Videobesichtigungen dauerhaft zugelassen

Nachdem die Bafin mit Beginn der Covid-19-Pandemie Videobesichtigungen vorübergehend erlaubt hatte, werden sie nun mit der BelWertV-Novelle dauerhaft zugelassen. Institute müssen aber bei der Bewertung der Immobilien einen Abschlag in Höhe von mindestens fünf Prozent berücksichtigen. Zudem muss die erwartete Restnutzungsdauer der Immobilie mindestens 40 Jahre betragen. Tolckmitt, hob insbesondere die damit verbundenen Erleichterungen bei der Kreditbearbeitung hervor.

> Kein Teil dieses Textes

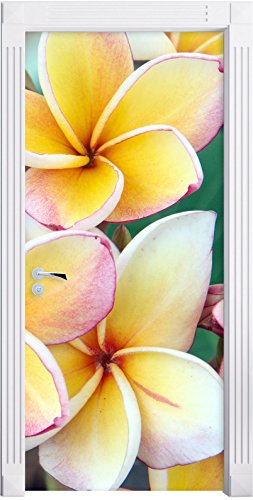 Stil.Zeit Möbel Monoi Blüten auf Hawaii als Türtapete, Format: 200x90cm, Türbild, Türaufkleber, Tür Deko, Türsticker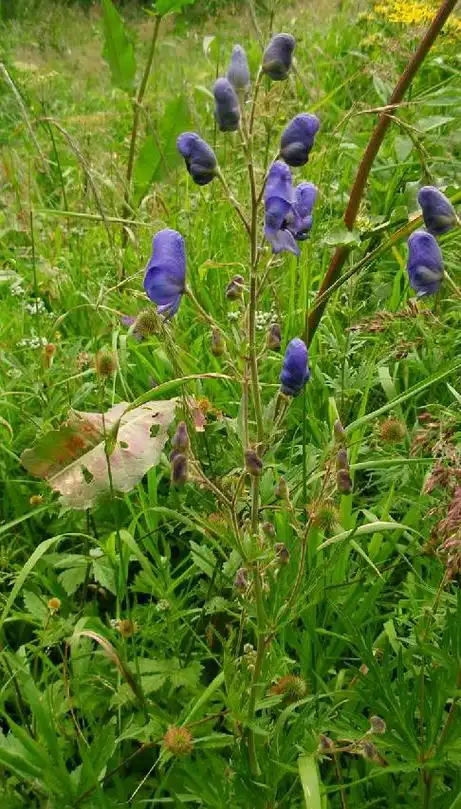 p>白毛乌头(学名:aconitum villosum rchb.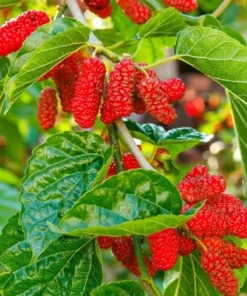 Red Mulberry Tree 4-8 in Tall Red Mulberry Sapling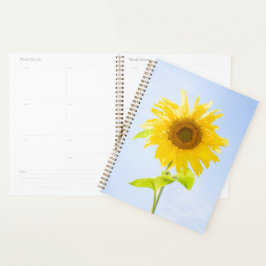 Agenda Foto de Sunflower Nature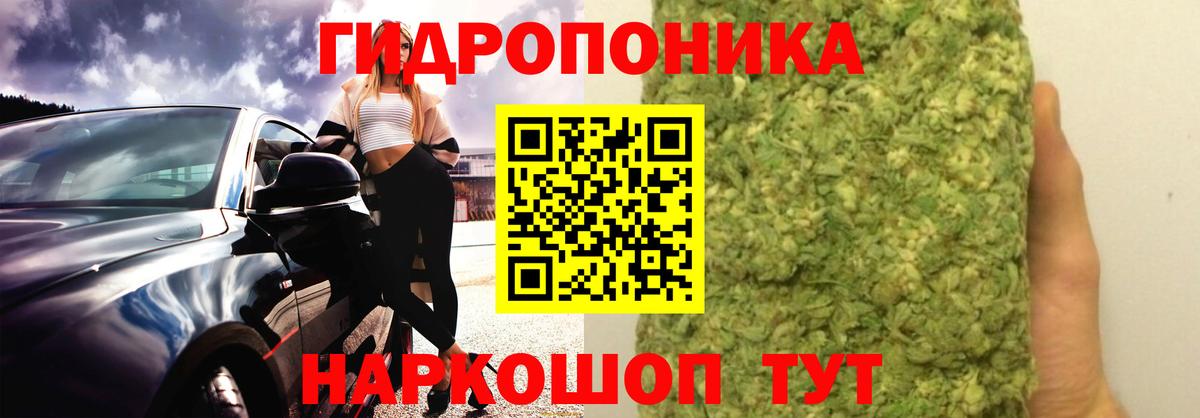 Бошки марихуана план  Конопля THC 21%  Вход с VPN  Каннабис White Widow  Донецк  Канабис тримм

Stichtagsmodell statt durchschnittlicher Referenzzins

Kritisch beurteilt der vdp das verwendete Stichtagsmodell: Die Bafin will jährlich zum 1. Januar die Mindestkapitalisierungssätze auf Basis des tagesaktuellen Referenzzinses (30. November des Vorjahres) anpassen, wenn dieser zu diesem Zeitpunkt mindestens 0,5 Prozentpunkte höher oder niedriger lag als zum Zeitpunkt der vorigen Anpassungsberechnung. Der vdp hatte sich in der Konsultation für die Verwendung eines längerfristigen Durchschnitts eingesetzt.

"Zinssprünge noch dazu so abrupte wie in diesem Jahr können bei einer Stichtagslösung zu unsachgemäßen Ergebnissen führen", so Tolckmitt. Als Alternative schlägt der vdp einen wenige Quartale umfassenden gleitenden Durchschnitt des Referenzzinses vor.

Auch der gewählte Referenzzins sei nicht optimal: Zwar sei nachvollziehbar, dass die Bafin auf einen öffentlich verfügbaren Zins zurückgreifen müsse, doch sei die Korrelation zwischen der Performance der 30-jährigen Bundesanleihe und dem Liegenschaftszins am Immobilienmarkt besonders gering, erklärte Tolckmitt. Sach- und praxisgerechter wäre die zehnjährige Bundesanleihe. Dese Laufzeit korrespondiere stärker mit den in der gewerblichen Immobilienfinanzierung üblichen Kreditlaufzeiten von drei bis zehn Jahren.